Something you can touch versus something you can … click?

Choosing the Right Medium: Digital Versus Print

BRITTON
Marketing + Advertising
9 min readJun 2, 2016

--

By Meghan Britton-Gross

There’s a debate brewing over the validity of print. I say debate because depending on your side of the argument, there is no argument. According to one camp, print is dead and digital is the future. You can pretty much guess what the opposing view is. To support the digital opinion, Victoria’s Secret just announced that it is halting print efforts and shifting those dollars to social media. And yet, brand after brand says how important the catalog is to their customers. Ikea, Restoration Hardware, Anthropologie, all three brands have an avid following when it comes to their printed collateral. These catalogs aren’t tiny little 20-page collections. They have heft to them. Fans of these brands are sitting by their mailboxes (the real ones, not the email ones) waiting for these tomes to arrive. These companies aren’t running away from print. They are running to it! Oh, and you think print is dead? Let’s look at Vogue magazine. The fashion bible consistently prints between 700 and 850 pages per issue. And I won’t even talk about the September issue!

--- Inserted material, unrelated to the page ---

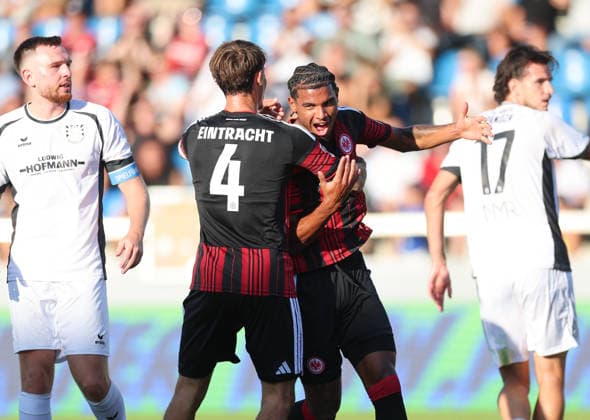 12.08.2026, Fussball Testspiel, FSV Frankfurt - Eintracht Frankfurt, v.l., Torjubel zum 0:1 durch Otavio Galdino Fernandes (Eintracht Frankfurt), Goal celebration, celebrate the goal DFL DFB REGULATIONS PROHIBIT ANY USE OF PHOTOGRAPHS AS IMAGE SEQUENCES AND OR QUASI-VIDEO. xdcx *** August 12, 2026, Soccer Friendly Match, FSV Frankfurt vs. Eintracht Frankfurt, from left, goal celebration for the 0–1 goal by Otavio Galdino Fernandes of Eintracht Frankfurt, goal celebration, celebrating the goal. DFL and DFB regulations prohibit any use of photographs as image sequences and or quasi-video. xdcx Copyright: HMBxMedia Claus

At the end of the day, after you are found (SEO plug), creativity and being memorable are critical.

Right now there seems to be this mass confusion about how to reach people. “Write content.” “Be on Facebook.” “Give it to the young kids to put online. They get it.” “Advertise, but not on [insert medium here].” “Work with bloggers!” “Don’t forget to be authentic!” You name it, we’ve heard it. Companies are frantically scrambling to figure out how to reach their audience, and they assume the audience is full of millennials and that those millennials apparently have money. Those that target baby boomers are assumed to have a short track life. No one targets Generation X, and they are kind of bitter about it but expect to be cut out of the equation. (Could I insert any more stereotypes and assumptions in here?)

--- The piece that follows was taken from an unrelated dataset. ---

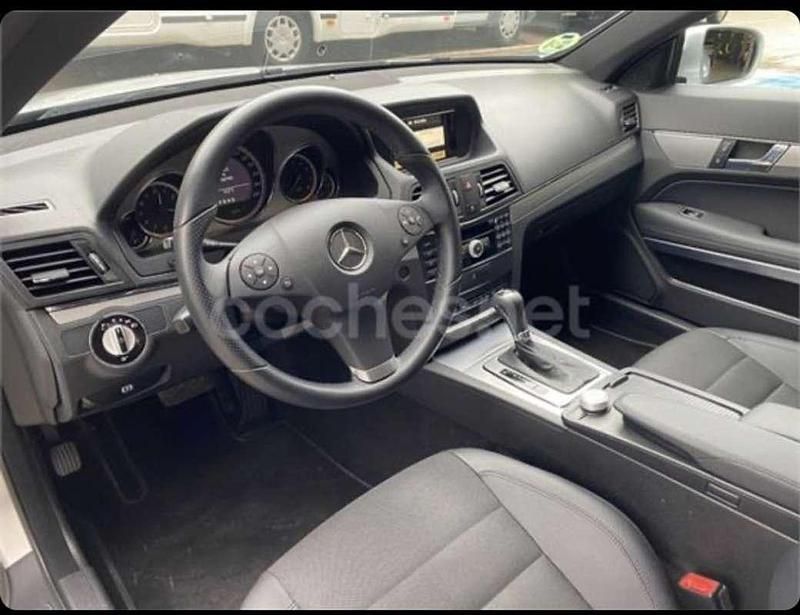 Käytetty Mercedes E250 Elegance 204 HP (150 kW) 2009 Harmaa Coupe - kaksiovinen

A Case for Print and a Case for Digital

Recently Britton Marketing & Design Group had a representative from Sappi Paper come present the company’s book The Neuroscience of Touch. It was amazing. Now I’m going to ask you to put aside the fact that Sappi is a paper company, so it obviously has a vested interest in print. In the beginning, I was skeptical for that same reason, but upon listening, it prompted me to write this blog. If you have a chance to watch the presentation, or see it in person, please do.

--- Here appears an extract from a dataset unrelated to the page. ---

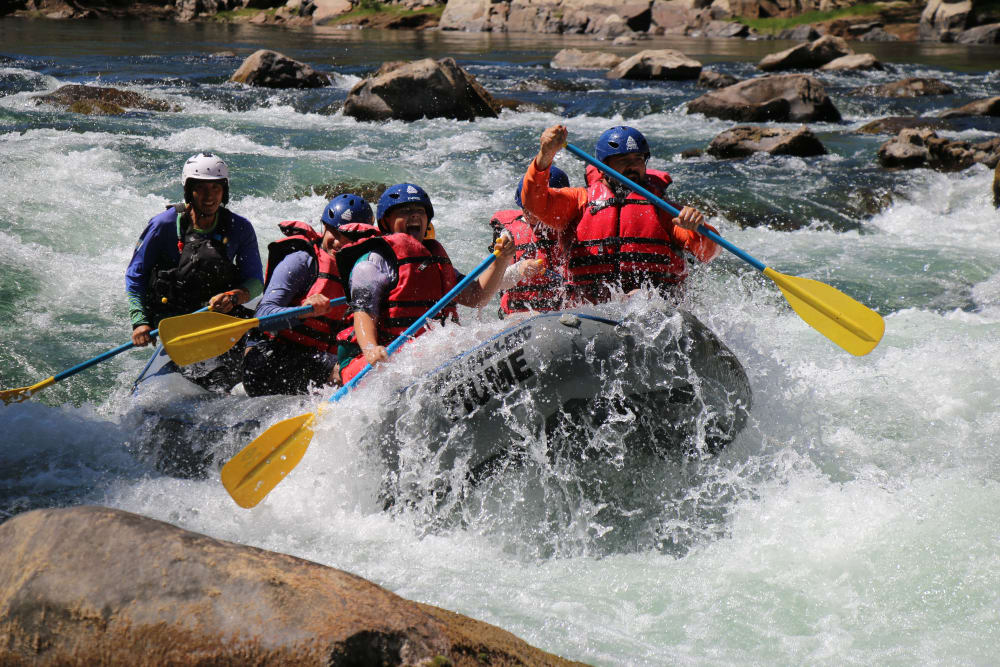 Bote navegando en el circuito Abra Ancha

How do YOU consume media? Print? Digital? Audio?

The basic premise is that touch is a powerful tool. Embodied cognition kicks in when a friend touches you versus a stranger. We know by one touch who that person is. How powerful is that? What does this have to do with print? Read on.

These companies aren’t running away from print. They are running to it!

We serve a sophisticated audience that has come to expect immediate gratification and has expectations in place for almost everything. Think about the last time you picked up a magazine. You have an expectation of the kind of experience you are about to have. If you are touching a glossy fashion mag, your experience will be totally different than if you were holding an Anthropologie catalog. The better the production of the catalog, the more people will expect from it. If the paper is the best paper but the imagery and messaging fall flat, there is a huge disconnect. If the feel of the paper is amazing and the imagery is on point, it’s magic, people. Magic!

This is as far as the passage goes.